Bloglines2HTML (generate static HTML from Bloglines)

About

Bloglines2HTML is a Python script that fetches subscription list and feeds from Bloglines to generate either a single HTML page, or a directory of pages. It logs into Bloglines using its web services API, fetches the subscription list as OPML and each individual feed as RSS. It would then generate the HTML result using a template, which can then be used to browse locally, pasted into another page, etc.

Requirement

To use Bloglines2HTML, you'll need:

Download

Usage

Run the script with "-h" to display the help message.

$ bloglines2html.py -h
Usage:
    bloglines2html.py [options]

Options:
    -D var=val  Define variable equals to value.
    -f folder   List only feeds inside this folder.
    -h          Display this help message.
    -i template Index template file to be used
    -m          Mark the feeds as read.
    -M          Multi-file support.
                -o must be present and will be a directory.
    -o file     Write the output to this file, instead of stdout.
    -p password Password to log into Bloglines.
    -r          List feeds that have already been read.
    -t template Feed template file to be used
    -u username Username to log into Bloglines. Usually your email address.
    -v          Turn up verbose level.
                -v = info.  -vv = debug.
    -V          Show version information.

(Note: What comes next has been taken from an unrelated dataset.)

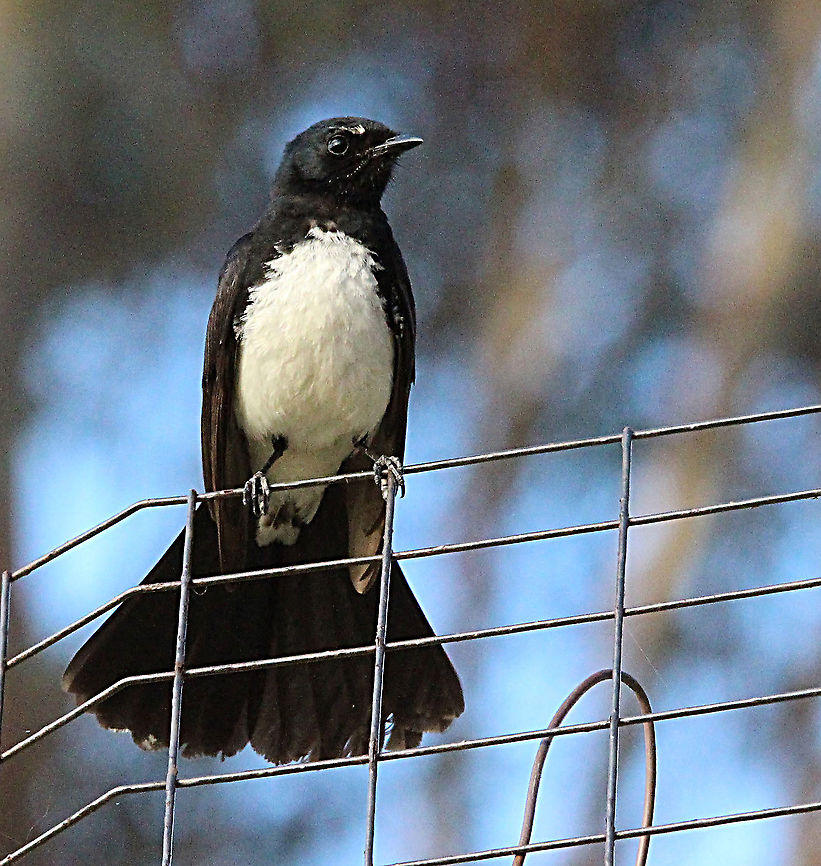 Willie Wagtail - Rhipidura leucophrys Alwise inquisitive. Australia,Eamw,Geotagged,Rhipidura leucophrys,Summer,Willie Wagtail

"-u username" and "-p password" are required to use the Bloglines web service, unless you have modified the Python source and changed default_username and default_password near the beginning of the file. HTML result would be printed to the standard output, unless "-o filename" is applied, which then would be written to a file.

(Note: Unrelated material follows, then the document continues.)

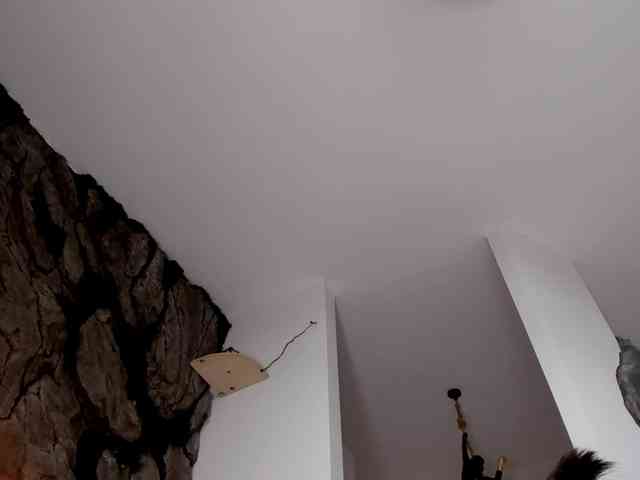 bansheescreams webcam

After the script has fetched the subscription list, it would fetch each feed where there is at least one unread items, unless "-r" is applied, which in this case all feeds would be fetched. You can also limit Bloglines2HTML to fetch only the feeds inside a specific folder, using "-f folder" argument. You might also want to use "-m" to mark all the unread items as read, otherwise they would stay as unread on Bloglines.

Multi-File Mode

Since Bloglines2HTML 0.2, it is possible to split the output into multiple pages. It is useful for some of you who might have hundreds of feeds to chew through everyday, and merging all results into one single HTML is just not practical.

Bloglines2HTML multi-file mode saves each feed and their corresponding entries into separate files, and then create an index file to link them all. To turn it on, apply "-M" when Bloglines2HTML is invoked, and "-o directory" must also be supplied. If target directory does not exist, it will be created.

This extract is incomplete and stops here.